The Better Business Bureau (BBB) International Investigations Initiative released a report titled “Is That Email Really From ‘The Boss’? The Explosion of Business Email Compromise (BEC) Scams” this past September detailing the staggering losses that U.S. and Canadian companies have experienced due to compromised business email.

As summarized in the study, the reported losses (there are many unreported cases, per this report) show that U.S. company losses are in the billions while Canadian companies are in the tens of millions in losses. There is also a note about several Australian companies going out of business due to freight forwarding scams (a type of BEC fraud).

The study highlights recent arrests made, how BEC scams are perpetrated and how companies can report to law enforcement. The study also emphasizes the need for further verification when payments are requested and emphasizes the importance of employee training to recognize these types of schemes.

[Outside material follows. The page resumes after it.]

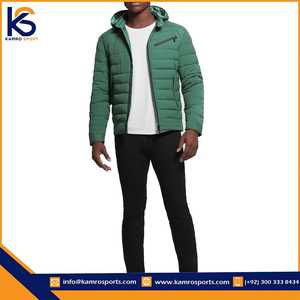 SAGELY SPORTS Men's Stylish Winter Puffer Jacket High Quality <b>Canvas</b> Hooded Stand Collar Breathable Zipper Closure Warm Blank - Product Image 2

In order to protect yourself and your company from a BEC attack, you should stay up to date on different tactics and techniques used by fraudsters. Here are a few key pieces of information included in the BBB report that you should know about BEC scams.

  1. Falling for the first email: BEC attacks are 10 times more likely to produce a victim if the target answers an initial probe email.
  2. Common words and phrases: It helps to know the type of language that fraudsters will use to increase urgency and make their email sound more official. Here are some words and phrases to look out for: “request” (36%), “follow up” (14%),“urgent” or “important” (12%), and “are you available?” or “are you at your desk?” (10%).
  3. The effectiveness of training: Before training, employees are 30% likely to click on a malicious link contained within a BEC email. After training, only 2% are likely to click on a link.
  4. Lead generation use: It was found that some fraudsters used lead generation services and even signed up for free trails to obtain company and employee information, including names, email addresses and job titles. With these types of services, this information did not come from a breach nor had it been stolen. Rather, it was offered through other companies as a business service.
  5. Cyber insurance: This report showed that while few insurance companies cover social engineering, the organizations that do have this coverage available have opted out.
  6. Detection: It was noted that programs that are setup to detect spam email and phishing attempts are monitoring for computers that send large volumes of email and may not detect BEC attempts, as they are specifically targeted and are not usually sent out in large volumes. BEC emails often slip through the cracks because they are well-crafted and specific to the recipient.
  7. Email domains: This study noted that a security company found domains well into the millions that were very similar to those of real companies. Setting up these domains was very simple and not expensive to create. Always closely study the domain name of an unexpected email, especially when the sender is asking for money or requesting you to take a specific action like opening a file or clicking on a link.

A review of email security settings, additional monitoring layering and accounts payable procedures can go a long way in deterring a BEC attack by those attempting to divert company funds. As the anti-fraud expert in your organization, you’ve got a huge responsibility to ensure that each person — from the new hire to the CEO — understands the potentially devastating effects of a BEC scam. Education truly is the key.